= Walt Disney Attractions Japan =

Subsidiary of Walt Disney Parks and Resorts

Walt Disney Attractions Japan is a wholly owned subsidiary of Disney Experiences, one of four sectors of the American entertainment conglomerate The Walt Disney Company.

Founded in 1982, a year before the opening of the Tokyo Disneyland theme park in Chiba, Japan, its purpose is to liaise with The Oriental Land Company – the financial owners of Tokyo Disneyland – in all aspects of running and maintaining the theme park.

== Activities ==
- Developing ideas for theme park attractions and expansions with Walt Disney Imagineering
- Regularly assessing whether the Tokyo Disney Resort is being maintained to Disney-set specifications
- Acting as the receiver of finances through licensing from the Oriental Land Company
- Approving decisions by the Oriental Land Company involving artistic properties owned by Disney
- Advertising the Tokyo Disney Resort in the United States

Walt Disney Attractions Japan played a major part in the expansion of 2001 from the Tokyo Disneyland theme park to the Tokyo Disney Resort which included a second theme park, Tokyo DisneySea, two Disney-branded hotels and a shopping, eating and entertainment district, Ikspiari.

== Management ==

Walt Disney Attractions Japan took its name from the former name of Walt Disney Parks and Resorts, Walt Disney Attractions.

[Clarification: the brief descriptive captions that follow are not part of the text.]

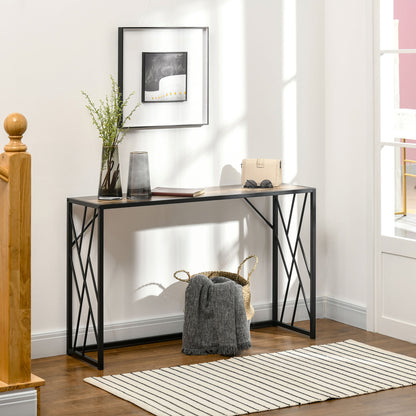 Console Table, Side Table with Steel Legs, 120 x 35 x 75 cm, Industrial Hallway Table, End Table, for Small Space, Entryway, Hallway, Living Room, Bedroom, Brown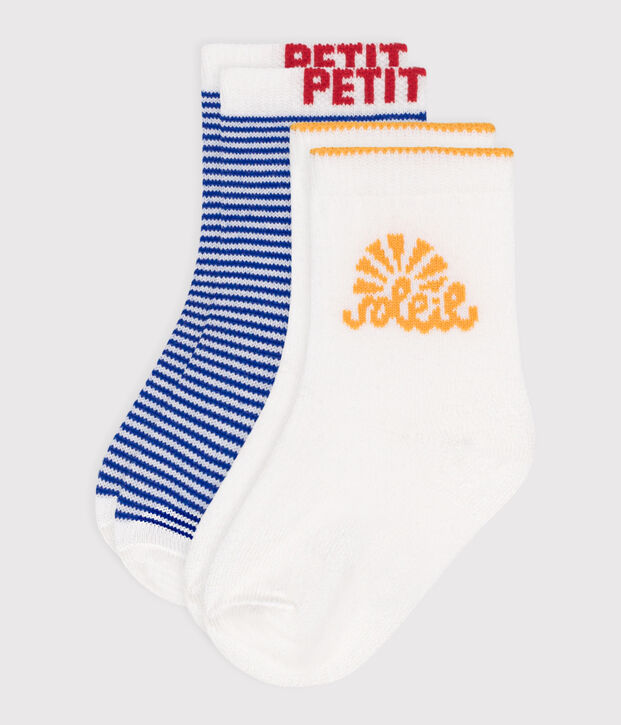 2 paia di calzini in cotone a righe neonato multicolore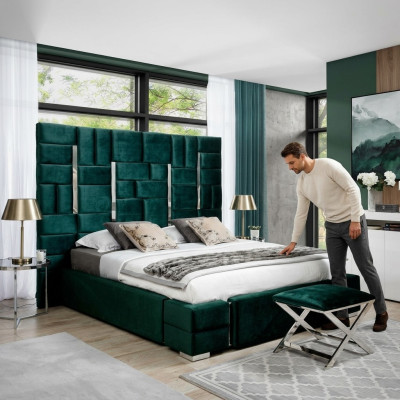 Polsterbett Doppelbett Designer Bett Ehebett Schlafzimmer Samtbett Stoff Betten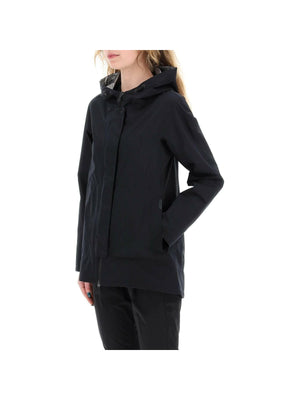 Black A-Line GORE-TEx Paclite Jacket HERNO LAMINAR JOHN JULIA.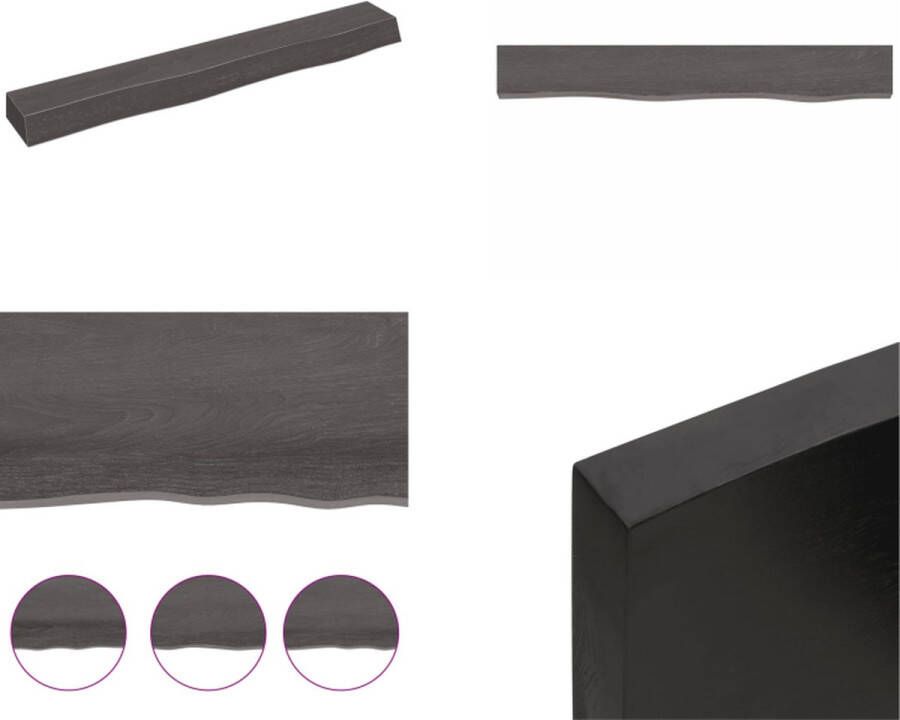 VidaXL Wandschap 80x10x6 cm behandeld massief eikenhout donkerbruin Wandschap Wandschappen Wandplank Wandrek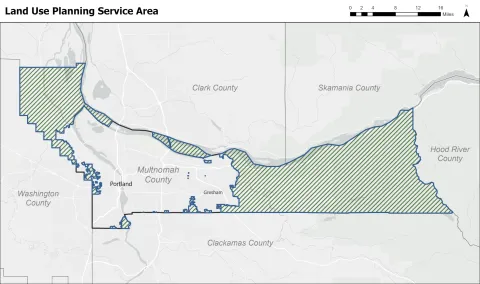 A map highlighting the unincorporated rural areas of Multnomah County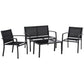 Outsunny 4-Piece Patio Furniture Set with Glass Top Coffee Table, Breathable Mesh Seat & Backrest for Garden, Balcony, Black | The Comfy Couch Canada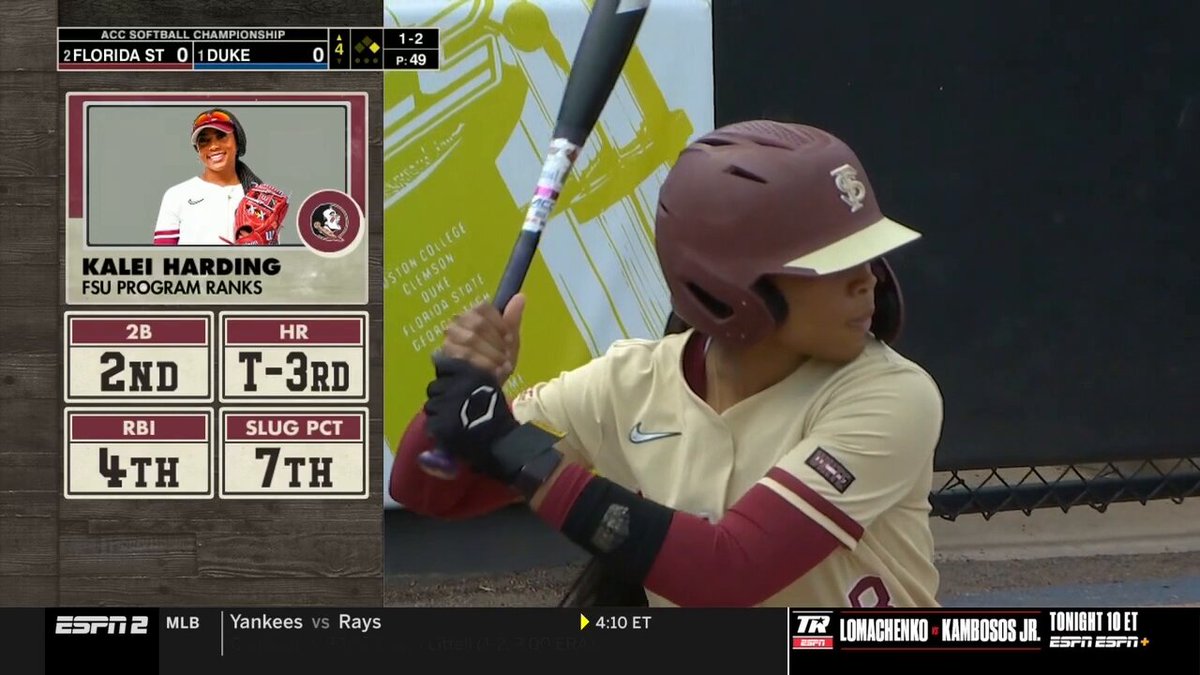 FIRE US UP KALEI HARDING‼️‼️ Two-run BOMB gives the Noles the lead🍢🍢🍢 📺ESPN2 #ALL4ONE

It was headed by Philippe Gas, who also heads International Development at Disney Parks, Experiences and Products, for example scouting for further locations for Disney resorts. Gas left the Walt Disney Company to become the chief executive officer of the Qiddiya Investment Company. Gas reported to Michael Colglazier, President and Managing Director, Disney Parks International, and to a certain extent, Toshio Kagami, chairman & CEO of the Oriental Land Company and by default the Tokyo Disney Resort.

== Projects ==
To celebrate the 100th anniversary of Winnie the Pooh, Disney Japan is hosting a new project, with Sho Sakurai, Snow Man's Ryohei Abe, and Travis Japan's Noel Kawashima chosen as ambassadors. "Pooh Time" was launched as an initiative to provide everyone who works hard in their busy daily lives a gentle moment to "do nothing". Regarding the project and the ambassadorship, the three coincided that now, as adults, the character has changed their point of view. They see now how profound and even philosophical its presence has been, and that, in a busy–busy world, it is nice to sometimes take some time to "enjoy the moment". The project starts on October 14, 2026, Pooh's "birthday".